平成29年度薬学生涯研修講座が平成29年2月25日(日)、レイアップ御幸町ビルCSA会議室にて行なわれました。

超高齢社会を迎えた我が国では疾病の様相も大きく変化しており、それに伴い薬学領域の研究開発、国や地方自治体の薬事行政、病院や薬局における薬剤師業務も急速に変わっています。

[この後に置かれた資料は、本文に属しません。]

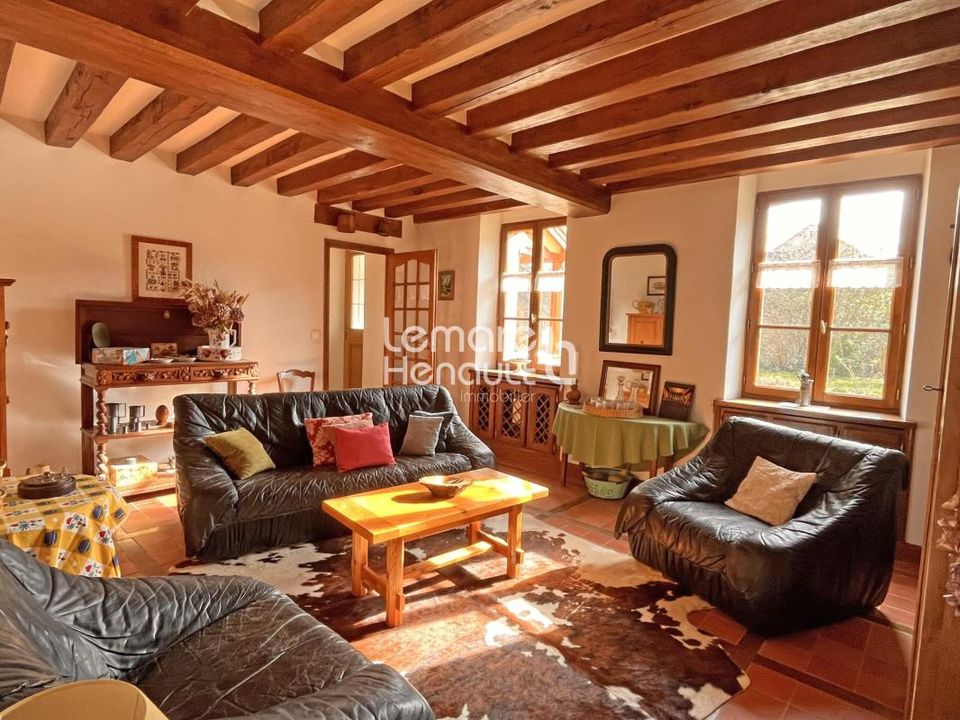 Villa i Tréon, Eure-et-Loir - foto 4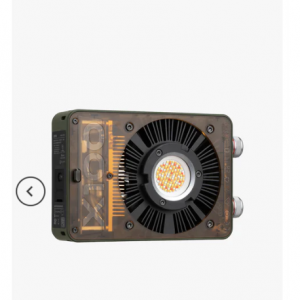 Zhiyun - MOLUS X100 RGB COB LED 视频灯，9折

今回の研修会では、テルモ株式会社心臓血管カンパニーの神津隆基先生より世界初の心不全治療用の再生医療製品「ハートシート」の開発と展望を、また岐阜薬科大学准教授の林秀樹先生からは、岐阜薬科大学で新たに開設した地域医療薬学の取り組みに関する最新情報の紹介、静岡県薬剤師会副会長の岡田国一先生からは平成30年に行われる介護報酬と診療報酬の同時改定の目指す医療の方向性について講演をいただきました。

講演後の質疑応答では、各講師への活発な質疑応答が行われ、薬剤師の今後について議論する貴重な機会となりました。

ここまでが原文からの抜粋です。